Uhura narrowed her eyes. "Okay, what?"
"Okay. I fully approve Spock's leave, on his terms."
Uhura seemed to hold her breath, and then nodded. She turned her teacup before her on the table, twisting it round between tense fingers. The remnant of tea at the bottom has long since gone cold.
Jim nudged her shoulder. "Hey, I agreed to the plan. Isn't this your cue to give me a big, happy smile?"
"Oh, I'm happy. Relieved, actually. It's just..." She tried to laugh, but her expression continued to be grave. "It is dangerous, him going away for so long to an unsurveyed planet."
Jim rolled his eyes. "This conversation would have been a lot shorter if you'd only said that earlier."

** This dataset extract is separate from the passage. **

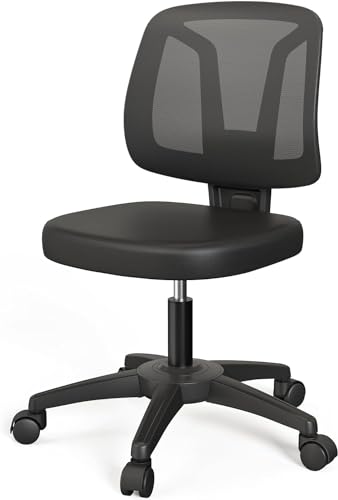 TTD TIANTIANDA ARMLESS SWIVEL MESH COMPUTER OFFICE DESK CHAIR - BLACK - Like New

"It doesn't matter what we say or think. Spock needs this. You know it, and I know it." Her gaze returned to her teacup, seeming to bore into it as she turned it around and around.
Softly, Jim asked, "What do you need, Lieutenant?"
She winced, as if struck by a spasm of sadness. Then, because she was Uhura and fearless, she turned to meet his gaze, even though he could then see that, indeed, she was fighting tears. "I just want him to be happy," she whispered.
Jim hesitated. "He's Vulcan, Uhura. He may never be happy."
"We have to let him try." She stood abruptly. "Excuse me."
She strode from the room, eyes fixed on her teacup so she wouldn't have to meet the gazes of any of her comrades.
Jim sighed heavily, then pushed himself up. The first thing he had to do was contact Pike. Then, plot a course that would take Spock near enough to his chosen getaway that he wouldn't waste all his leave time in transit. Jim only hoped that they'd be able to get him back again after his leave was over.